◆ Problem ◆
Return the material below exactly, but only from the line with "Cherry Cute Fruit" through the line with "Mutlu çocuklar çeşitli sporlar yapıyor.", and without its pictures.

◆ Data provided ◆

.....

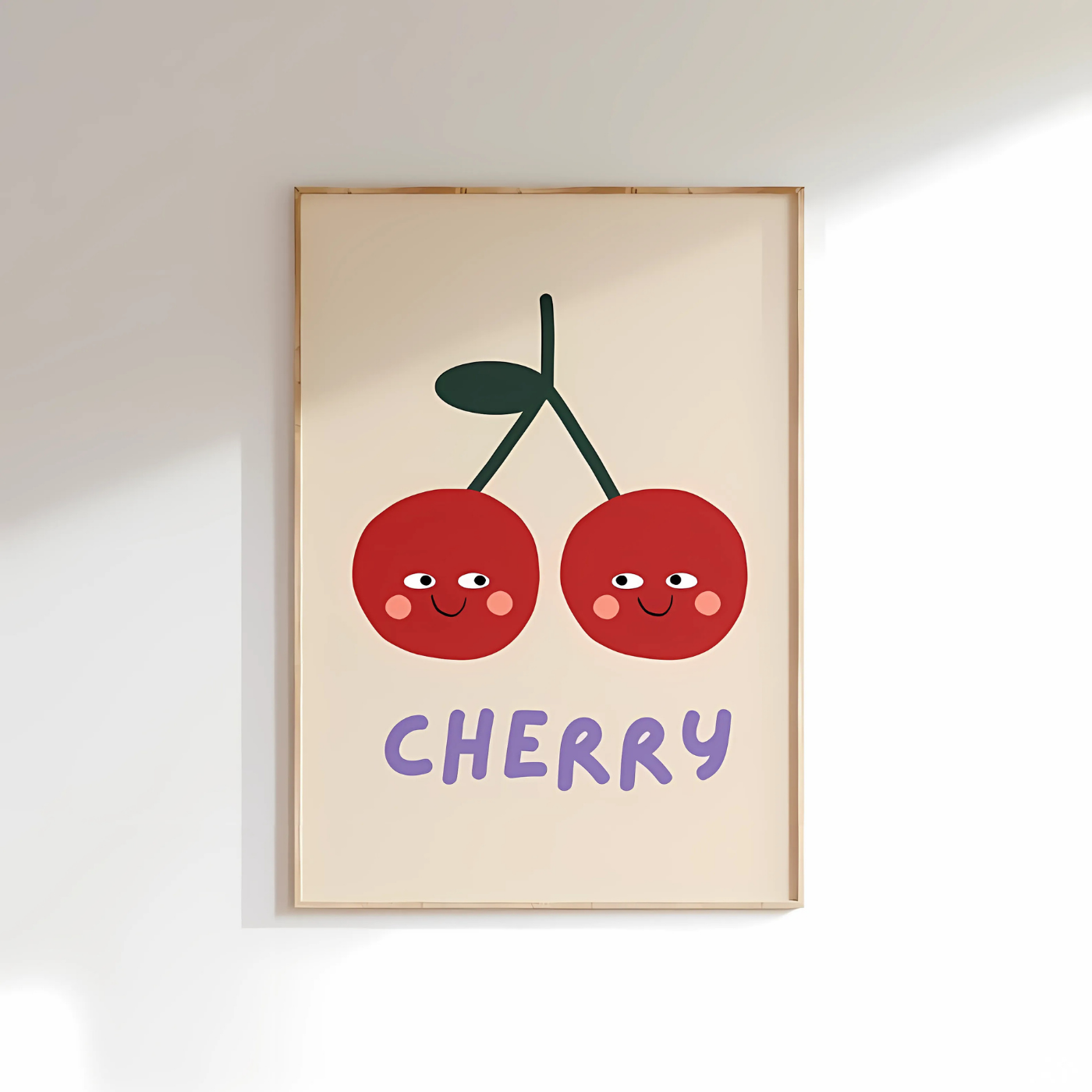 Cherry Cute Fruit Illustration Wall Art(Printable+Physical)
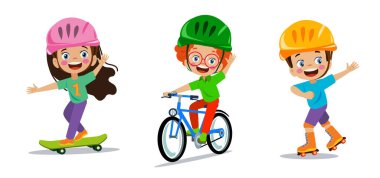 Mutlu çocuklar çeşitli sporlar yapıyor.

.....

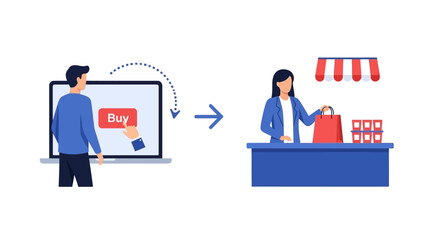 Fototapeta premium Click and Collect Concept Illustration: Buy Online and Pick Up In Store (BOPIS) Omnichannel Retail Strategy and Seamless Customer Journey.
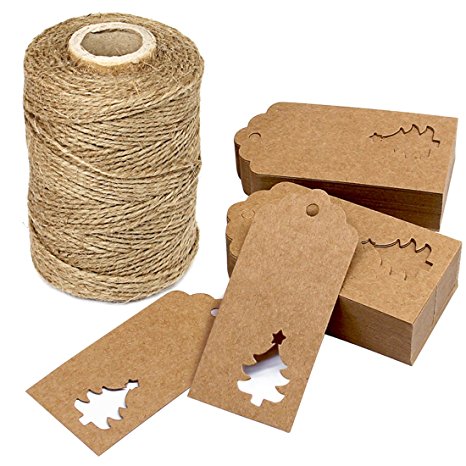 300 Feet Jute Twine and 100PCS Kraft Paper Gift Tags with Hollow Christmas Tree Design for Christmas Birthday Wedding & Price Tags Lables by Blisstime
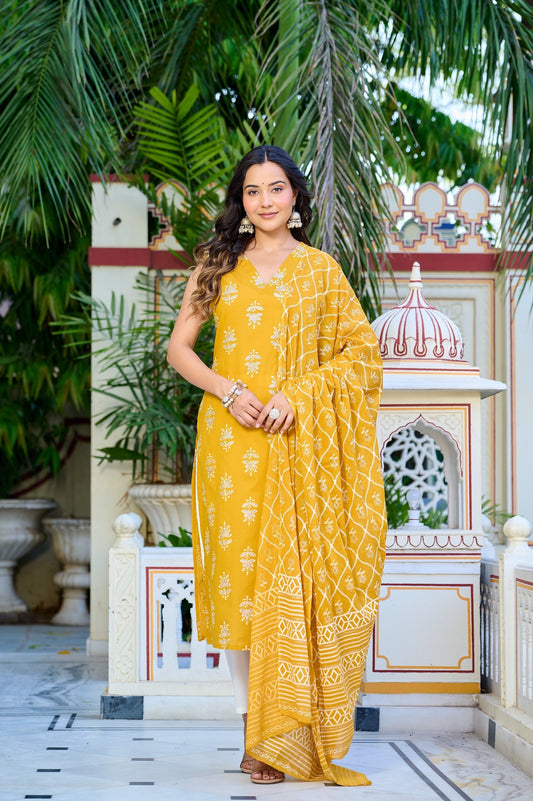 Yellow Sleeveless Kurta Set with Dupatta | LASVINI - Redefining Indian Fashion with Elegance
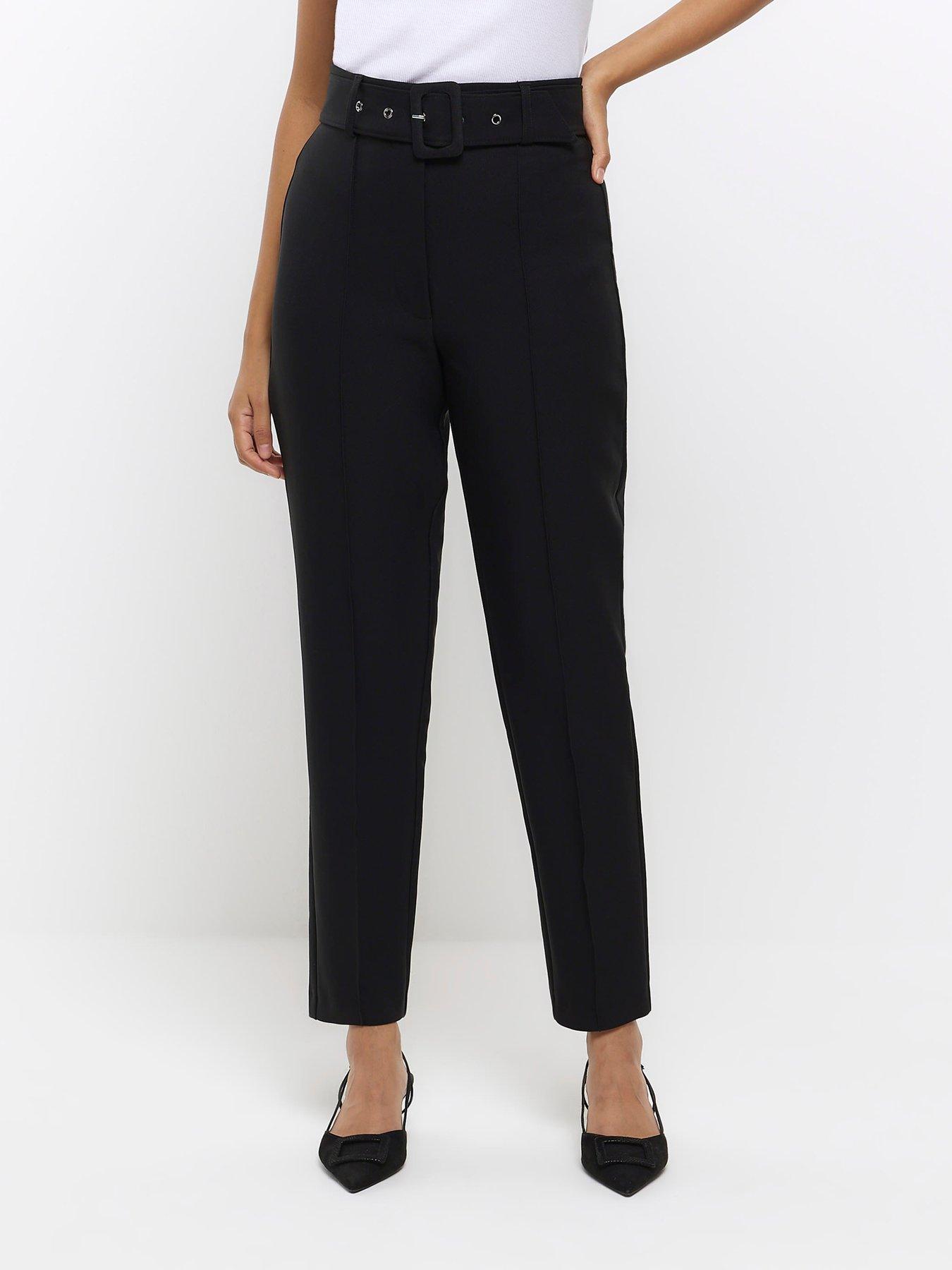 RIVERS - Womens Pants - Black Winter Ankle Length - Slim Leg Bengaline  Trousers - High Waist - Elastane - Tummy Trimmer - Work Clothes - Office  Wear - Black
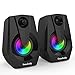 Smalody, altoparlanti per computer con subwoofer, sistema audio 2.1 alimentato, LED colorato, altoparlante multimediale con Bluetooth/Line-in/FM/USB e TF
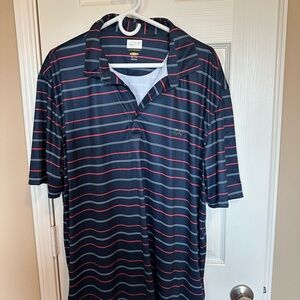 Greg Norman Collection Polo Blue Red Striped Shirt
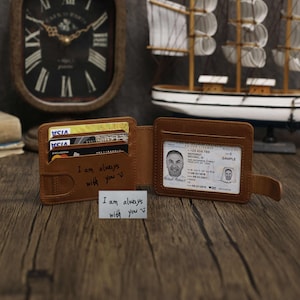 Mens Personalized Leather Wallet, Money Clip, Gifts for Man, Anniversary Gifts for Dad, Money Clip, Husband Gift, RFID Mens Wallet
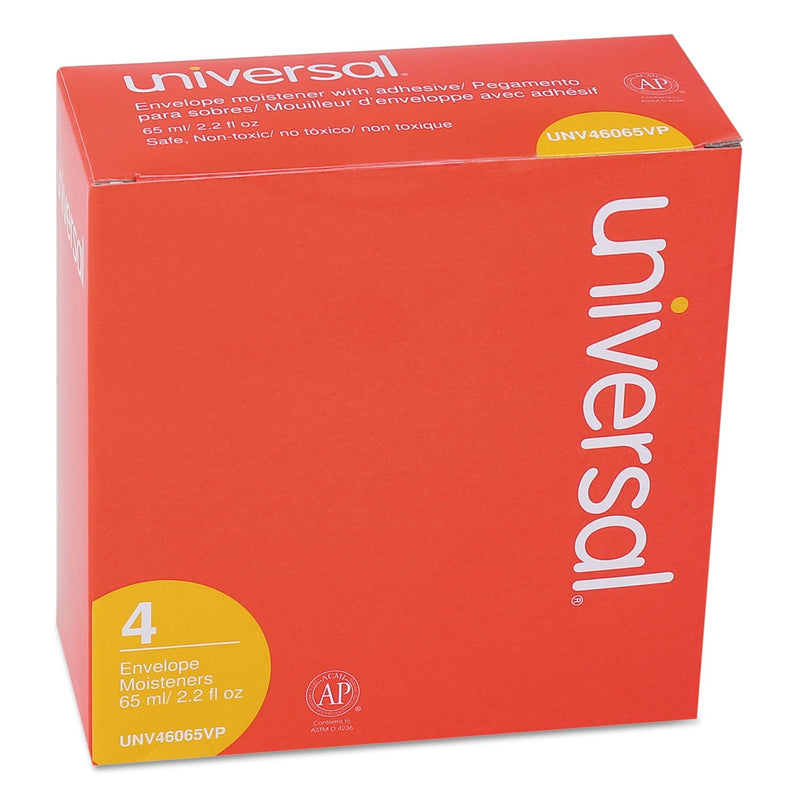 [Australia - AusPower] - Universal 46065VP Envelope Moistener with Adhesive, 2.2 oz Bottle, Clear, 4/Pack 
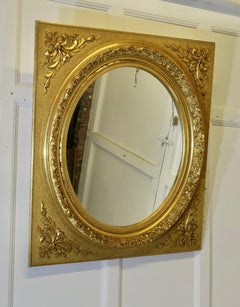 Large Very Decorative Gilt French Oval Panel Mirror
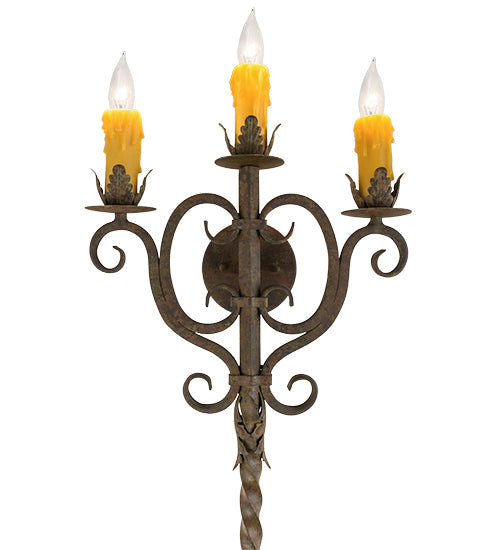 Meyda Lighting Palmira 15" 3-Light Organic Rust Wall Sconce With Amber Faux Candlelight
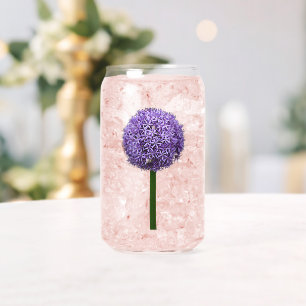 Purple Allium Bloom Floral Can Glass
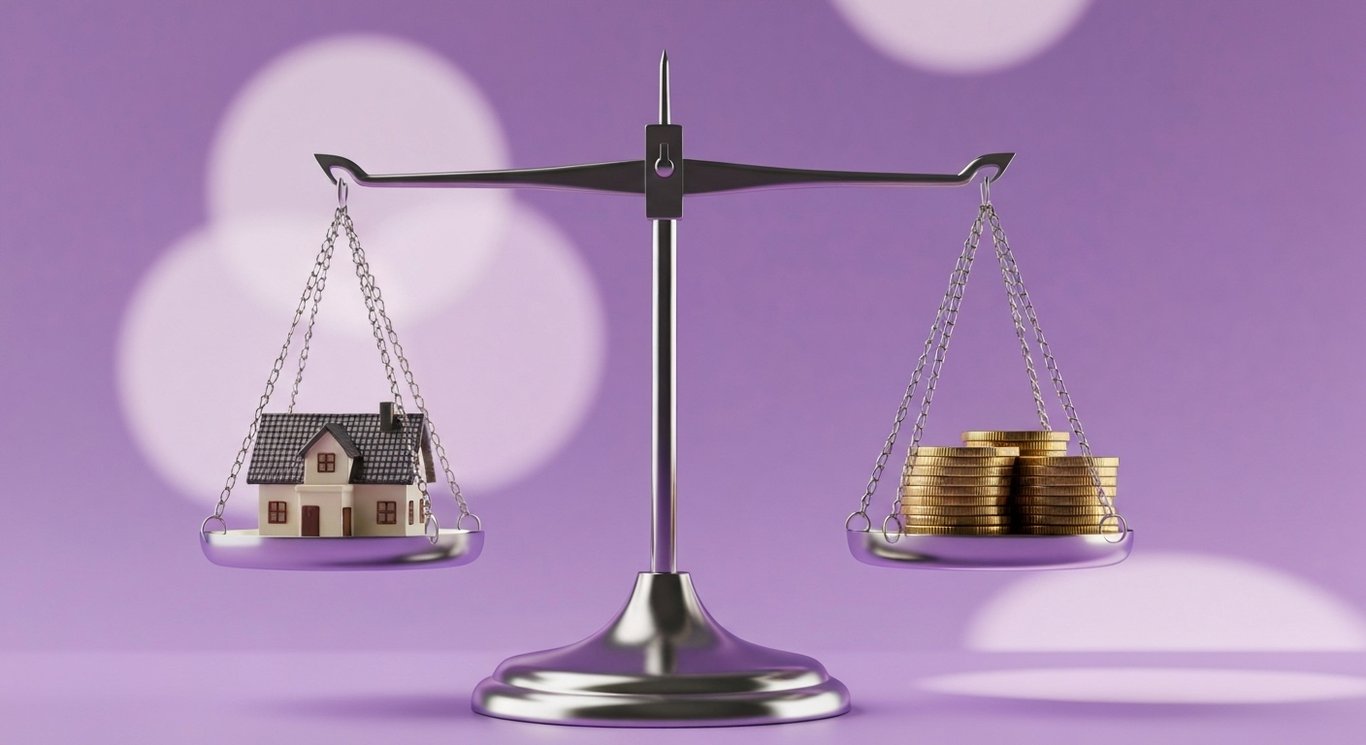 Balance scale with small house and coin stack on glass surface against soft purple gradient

.....

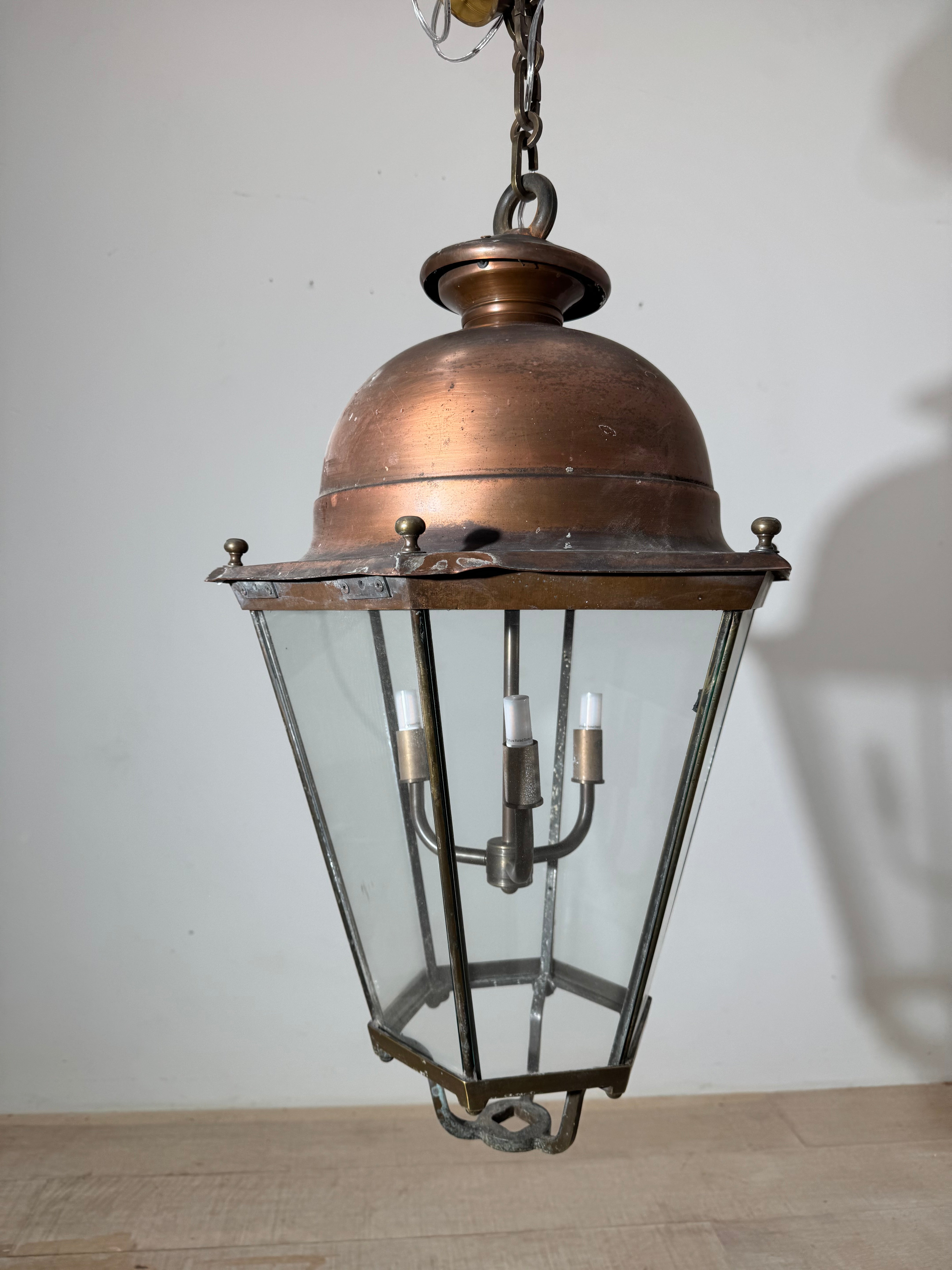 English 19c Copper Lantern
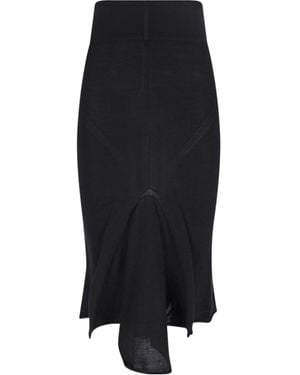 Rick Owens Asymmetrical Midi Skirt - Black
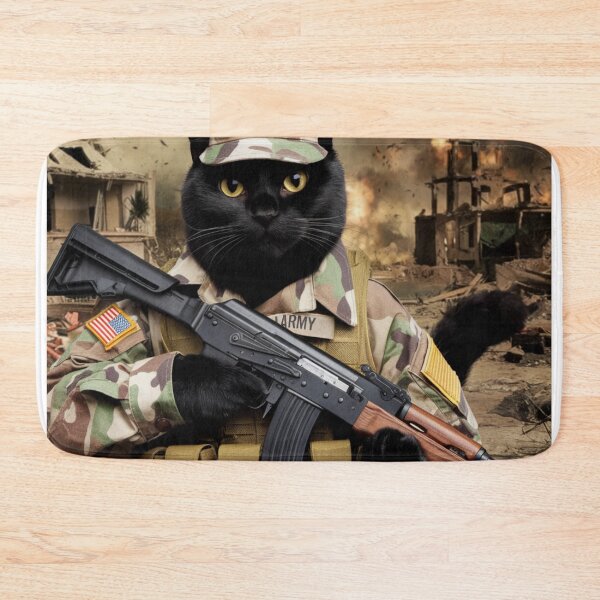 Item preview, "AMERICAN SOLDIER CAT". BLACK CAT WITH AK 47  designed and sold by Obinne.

.....

◆ Completed exercise ◆
 Cherry Cute Fruit Illustration Wall Art(Printable+Physical)
 Mutlu çocuklar çeşitli sporlar yapıyor.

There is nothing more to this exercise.